Tim Pencari Fakta (TPF) kasus Tolikara MUI yang terjun ke lokasi peristiwa Papua, pada 11-15 Agustus lalu, menemukan fakta bahwa kasus Tolikara sangat kompleks. Kasus ini terjadi pada Idul Fitri lalu, ketika ratusan orang gerombolan anggota Gereja Injili Di Indonesia (GIDI) melakukan penyerangan dan pengusiran terhadap umat Islam yang sedang shalat Ied. Mereka membakar masjid dan banyak kios milik pedagang Muslim.
Ketua TPF MUI untuk Kasus Tolikara, Jenderal Anton Tabah, menjelaskan bahwa selain ada indikasi kasus ini terjadi karena dimanfaatkan oleh OPM (Organisasi Papua Merdeka), kasus Tolikara juga dipicu oleh pidato Presiden Jakowi ketika melakukan kunjungan kerja ke Papua pada April 2015. Saat ini, Presiden mengatakan bahwa orang asing dan wartawan asing bebas masuk ke Papua.
“Pernyataan Jakowi tersebut dimanfaatkan betul oleh pribadi maupun lembaga asing yang pro-OPM untuk masuk ke Papua,” tegas Anton Tabah. Termasuk di antaranya, organisasi rumpun Melanesia ULMWP (Union Liberaly Melanesia and West Papua) yang berpusat di Papua Nugini ikut memprovokasi atau memperkeruh suasana.
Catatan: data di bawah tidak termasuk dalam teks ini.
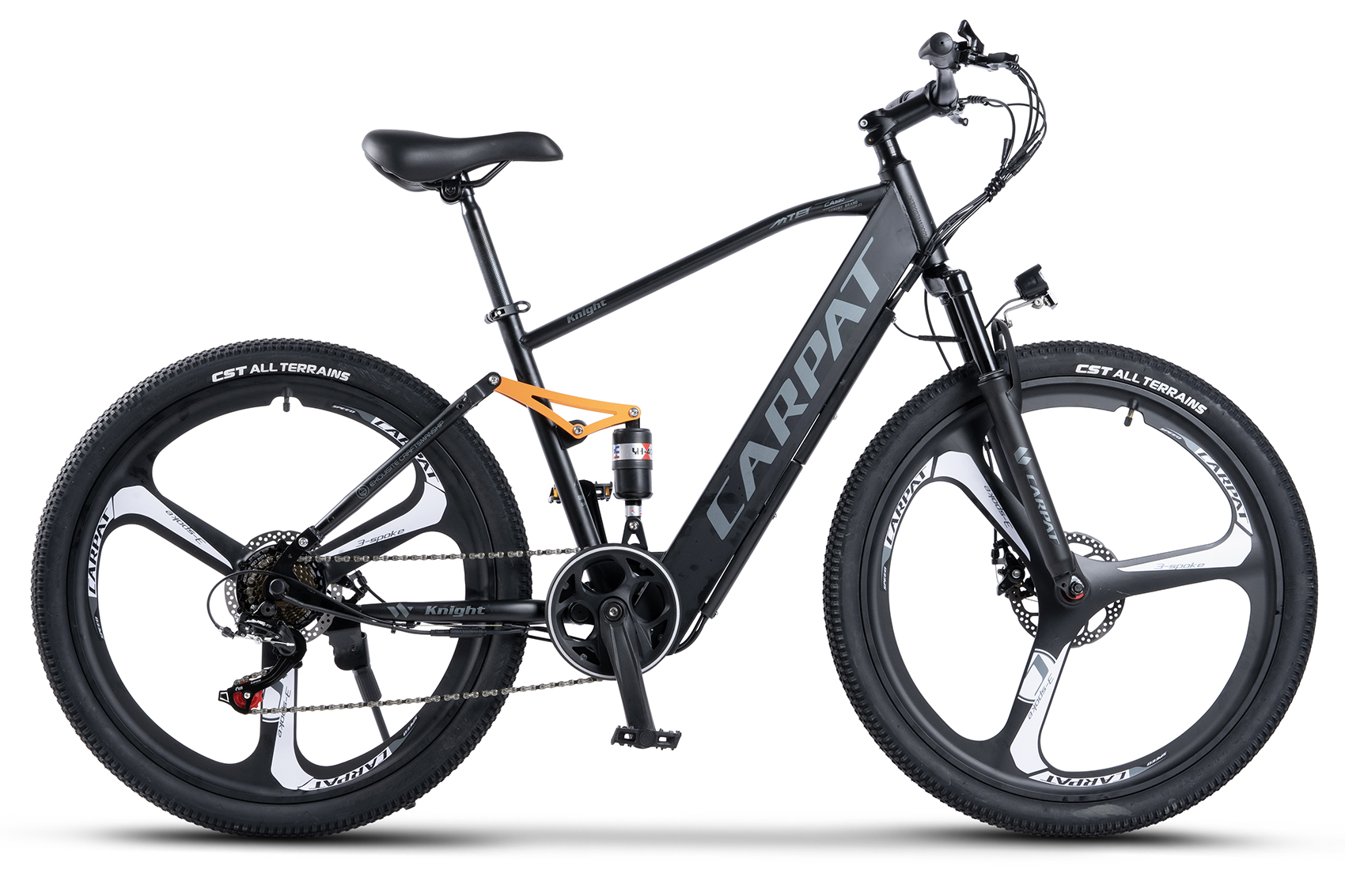 PROMO BICICLETE - Bicicleta Electrica (E-Bike) MTB Carpat Knight C26519E 26", Negru/Gri, https:carpatsport.ro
Lembaga-lembaga asing serta perorangan asing yang mengaku pendeta dari Israel tetapi paspornya Amerika Serikat turut pula mengobarkan kecintaan rakyat Papua pada Israel. Mereka berkomunikasi intensif dengan pihak GIDI di Tolikara, selain ada yang datang ke Tolikara, sehingga mendorong rakyat Papua mengibarkan bendera Israel, bukan mengibarkan bendera merah-putih.
Untuk mengatasi masalah dan menghindari terjadinya peristiwa sama di masa mendatang, TFP MUI menerima usulan dari masyarakat. Di antaranya, para tokoh Tolikara ingin melakukan studi banding ke Provinsi Aceh, untuk mengetahui lebih jelas bagaimana penanganan kasus GAM bisa diatasi, sehingga ke depan NKRI menjadi lebih kokoh, termasuk di Papua.
Masyarakat juga berharap, pihak Pemda dan Polri/TNI menggalakkan pembinaan masyarakat. Diperlukan adanya wadah pembinaan bagi kaum muda Tolikara. “Selama ini, sama sekali tak ada pembinaan terhadap kaum muda di sana,” jelas Anton Tabah.
Masyakarat pun berharap, pemekaran wilayah Papua menjadi empat privinsi agar diprioritaskan dan disegerakan. Hal ini diharap akan mempercepat pemerataan pembangunan, peningkatan ekonomi, keamanan, ketertiban, serta pendidikan rakyat Papua.